*STUDY MATERIAL*
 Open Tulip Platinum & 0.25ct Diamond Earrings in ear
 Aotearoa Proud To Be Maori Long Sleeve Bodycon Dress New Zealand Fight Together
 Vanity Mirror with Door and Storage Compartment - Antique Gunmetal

---

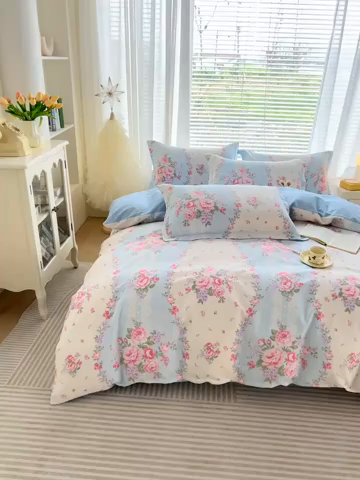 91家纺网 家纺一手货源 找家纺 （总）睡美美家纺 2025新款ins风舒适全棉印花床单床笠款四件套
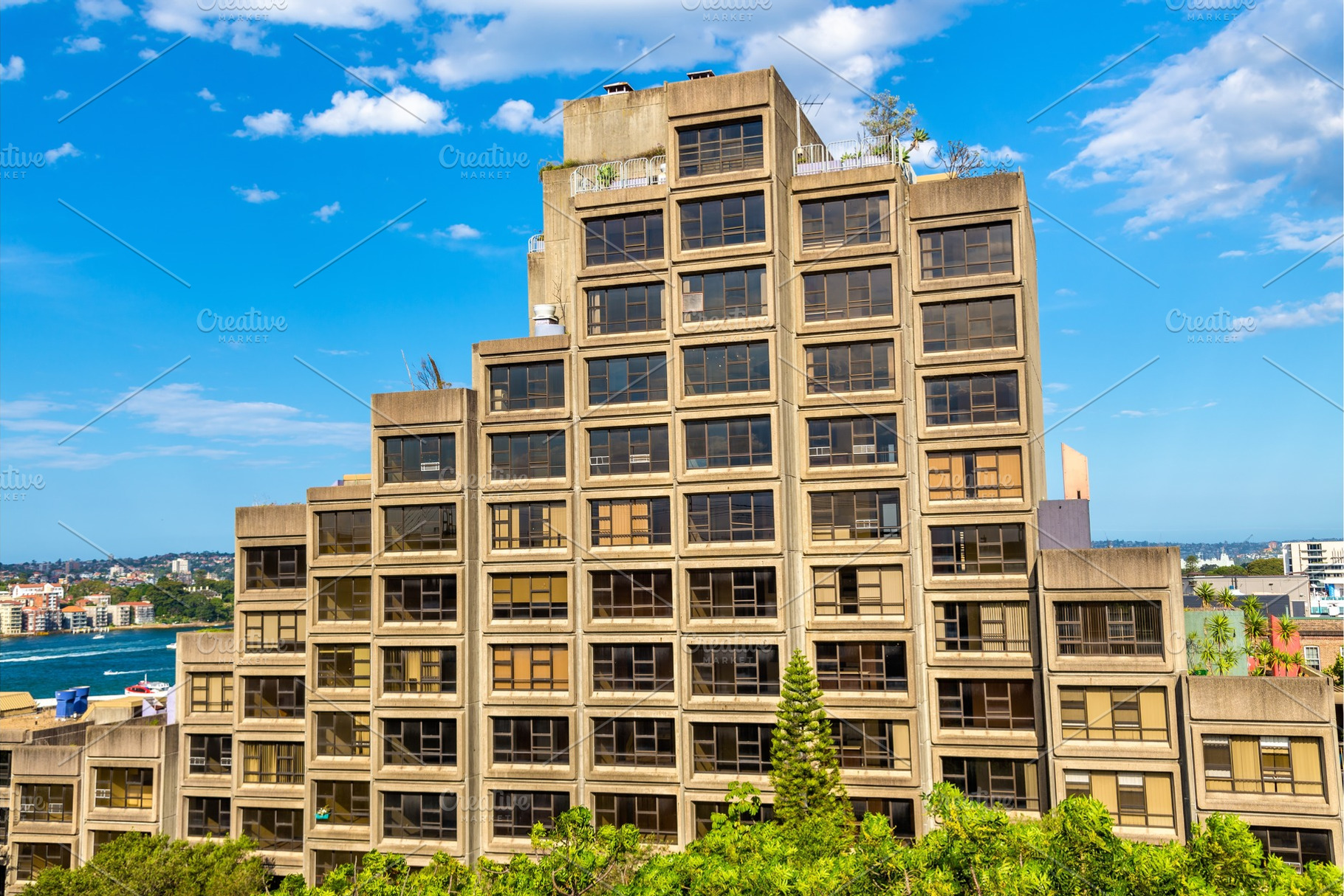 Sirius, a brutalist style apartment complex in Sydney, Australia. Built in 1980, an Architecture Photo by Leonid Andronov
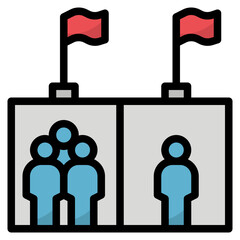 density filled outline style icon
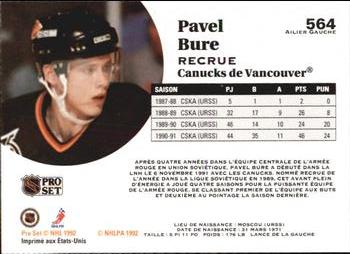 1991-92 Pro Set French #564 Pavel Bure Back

*EXERCISE DIRECTIONS*
With pictures omitted, repeat the entries above word for word from the line holding "density filled outline style icon" down to the line holding "1991-92 Pro Set French #564 Pavel Bure Back", keeping both of those lines.

*WRITTEN RESPONSE*
 density filled outline style icon
 1991-92 Pro Set French #564 Pavel Bure Back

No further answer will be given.